Title Upconversion and Migration: Generating a TEI-EpiDoc Corpus of Sicilian Inscriptions

This paper introduces the TEI P5 / EpiDoc corpus of inscriptions on stone for ancient Sicily called I.Sicily. The corpus aims to include all texts inscribed on stone, in any language, between approximately the seventh century BC and the seventh century AD in Sicily. The corpus currently contains records for over 2,500 texts, and when complete is likely to contain c. 4,000. The corpus is built upon a conversion from a legacy dataset maintained in MS Access and Excel into EpiDoc TEI XML. The XML records are held in an eXist database for xQuery access, and generate other outputs such as a fulltext search using SOLR / Lucene. The corpus and related information (museum list, bibliography) are published as Linked Data, and are manipulated through a RESTful API. The records are queried and viewed through a web interface built with AngularJS and jQuery JavaScript components. Mapping is provided in the browser by the Google Maps API, and ZPR (Zoom, Pan, Rotate) imageviewing is provided by the IIIP image server.

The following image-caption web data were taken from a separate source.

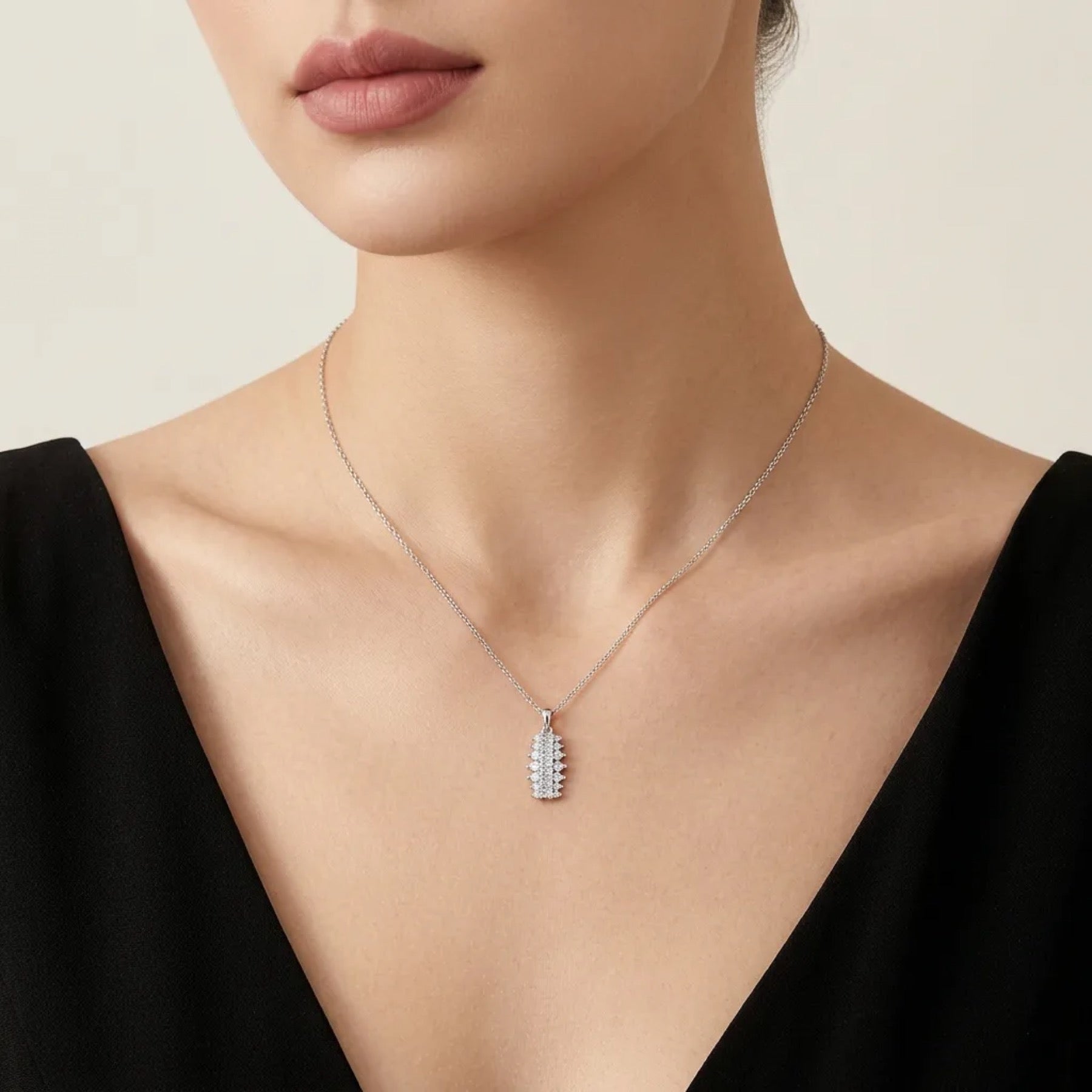 Domino Moissanite Baguette Cluster Pendant Necklace in Sterling Silver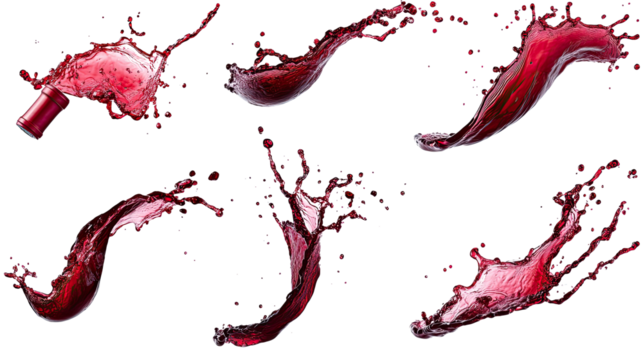 Dynamic Red Wine Splashes Captured on a Transparent Background Generative AI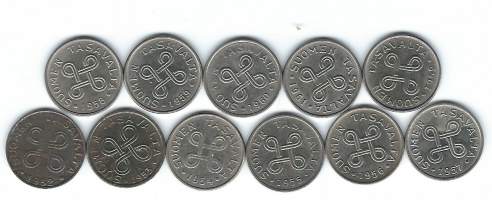 1 markka  1952-1962  kolikko sarja 11 eril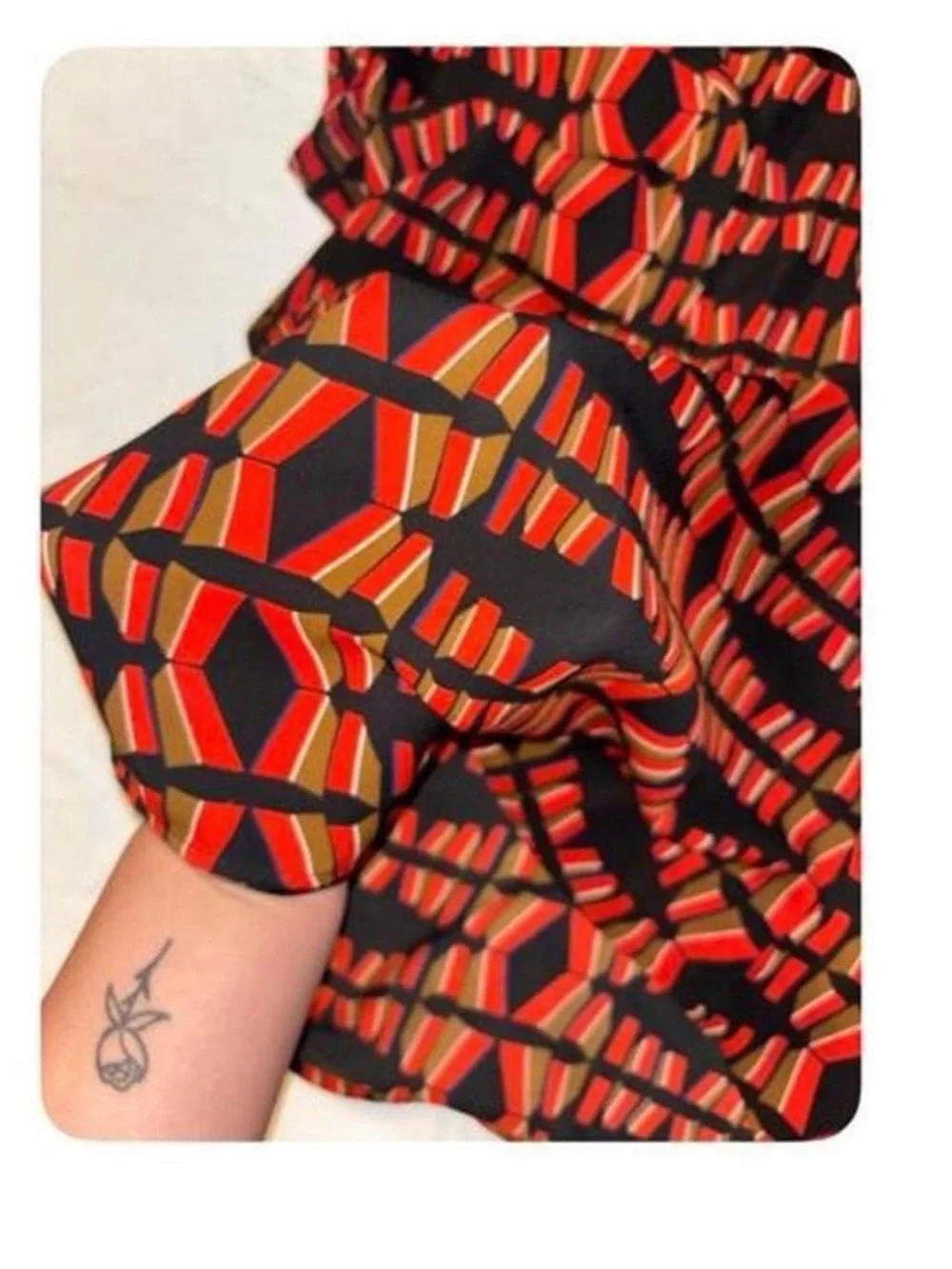Dalia Red, Black & Brown Sleeveless Geometric V-Neck Blouse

This paper will report on the main conversion of MS Access and MS Excel files into TEI-EpiDoc XML. This conversion uses a combination of existing TEI stylesheets, and customized transformations to generate thousands of individual TEI-EpiDoc files. These incorporate a variety of references to additional references to standardized vocabularies taken from MS Excel files listing canonical entries. This means that individual inscriptions link through to information about places using Pleiades, lists of museums, and epigraphic types, materials, and supports using the URIs for EAGLE vocabularies. This paper not only reports on the conversion, providing helpful advice on how to undertake such conversions, but also on the project itself.